2 Brant made more than one descent upon Minisink. On the 13th of October, 1778, he invaded Peenpack and the neighboring settlements with about one hundred followers, and murdered several of the settlers. The alarm was given in time for most of the inhabitants to flee to the block houses, of which there were three, one known as Fort DeWitt, another as Fort Gumaer, and the third as Fort Deput. All who were caught out of the block houses were murdered. They were pursued through the fields and woods, and shot or tomahawked. A young man named Swartwout attempted to escape by swimming the Neversink. Just as he gained the opposite shore, he was shot. Three of his brothers and father were killed. One of the brothers reached a block house near by, and escaped. In Fort Gumaer, there were but nine men, and the commander, whose name was Cuddeback, caused the women to put on men's clothes, and parade around the fort with their husbands, sons, and brothers, when the Indians made their first appearance, and were at such a distance that they could not detect the ruse. The natives, in consequence of this strata-gem, passed by the block house at such a distance that the few shots which were fired at them were harmless. Fort DeWitt was not attacked, and the other fort was not occupied.

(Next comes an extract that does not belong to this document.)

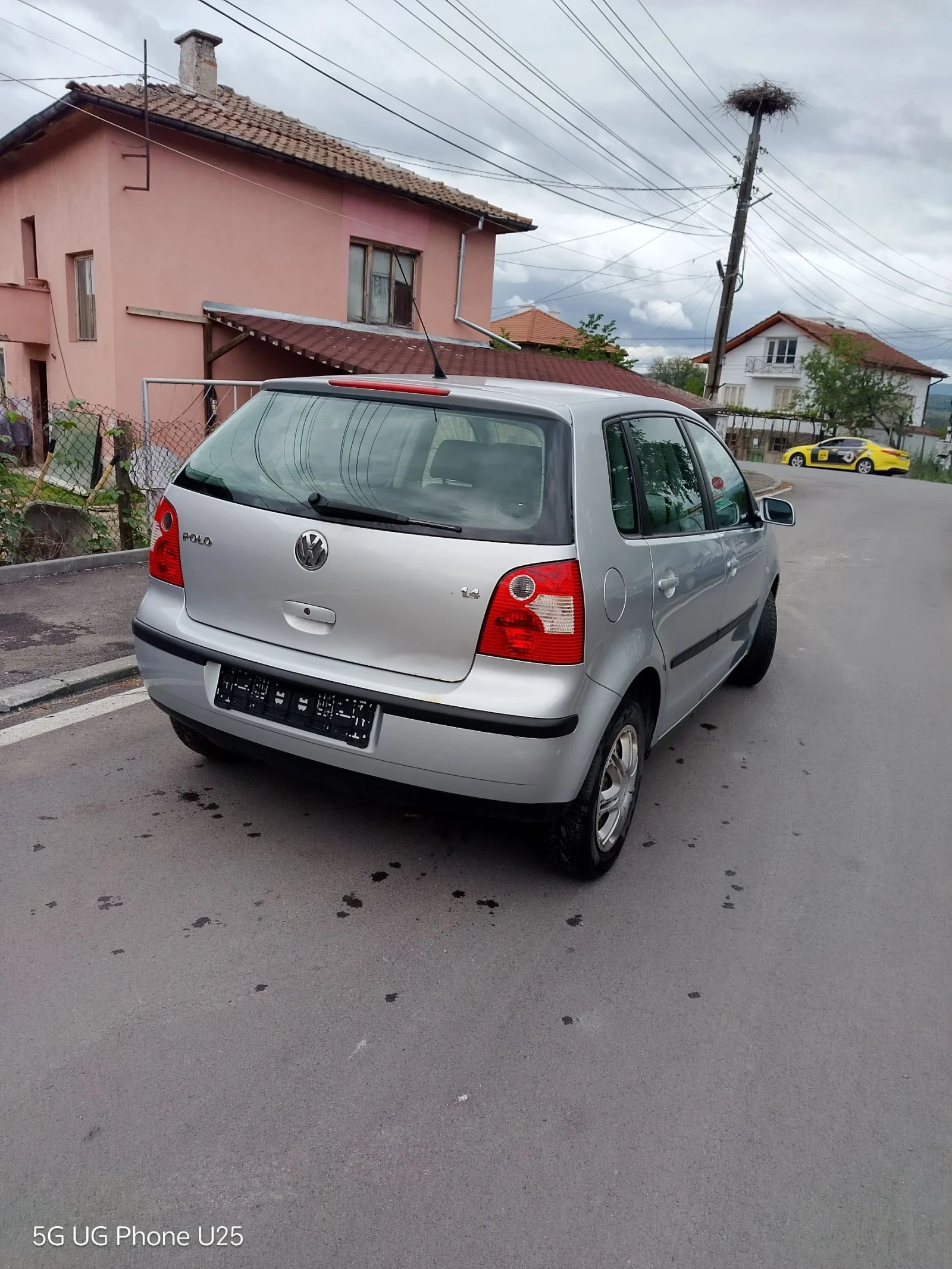 VW Polo 1.4 i climatic , снимка 5 - Автомобили и джипове - 54483058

Most of the barns and houses in the neighborhood were burnt, and the cattle driven off.

It is probable that Count Pulaski was stationed in Minisink but a few weeks or months.

3 Stone's Life of Brant.

4 Stone's Life of Brant.

5 Stone's Life of Brant.

6 Moses Thomas, 2d, enlisted during the early part of the war, and was with the army some time at West Point and Newburgh. Becoming dissatisfied with his officers, he hired a substitute, and returned to his family, who were in Minisink. When Brant fell upon that point, Thomas volunteered, and was killed as stated. His widow married a man named Nathan Chapman, and they removed to the valley of the Wyoming, where he was murdered by the Indians. Chapman and a Mr. Jamison were in company on horseback, when they were fired upon by some savages who were in ambush. Jamison fell dead, and his companion, although fatally injured, clung to his horse until he reached a house, where he soon after died. Mrs. Chapman subsequently married a Mr. Jesse Drake. Her descendants are among the most respectable inhabitants of Cochecton.

7 For the oration delivered on the occasion, see Appendix A.


1 The whole region from Gales to the Delaware Barrens was known to the hunters, in old times, as the "Foul Woods" - not the "Fowl Woods," as some now pretend. These woods received their name from a thick undergrowth of rhododendrons and other dwarfish shrubs, which rendered it almost impossible to travel through them. Lord's pond is still styled "Fould Wood Lake" by many.

2 "Shawan," says one of the authors of the Historical Collections of New-York, "in the language of the Mohegan Indians, means white salt, and gunk, rocks or piles of rocks." It is not probable that the writer alluded to has been misled, and that the mountain received its name from the Shawanese tribe, which once obtained a foothold here? According to another work, "Shawan" is the Indian word for east and "gunk" or "unk," means mountain. May not the signification of Shawangunk be simply "the eastern mountain?"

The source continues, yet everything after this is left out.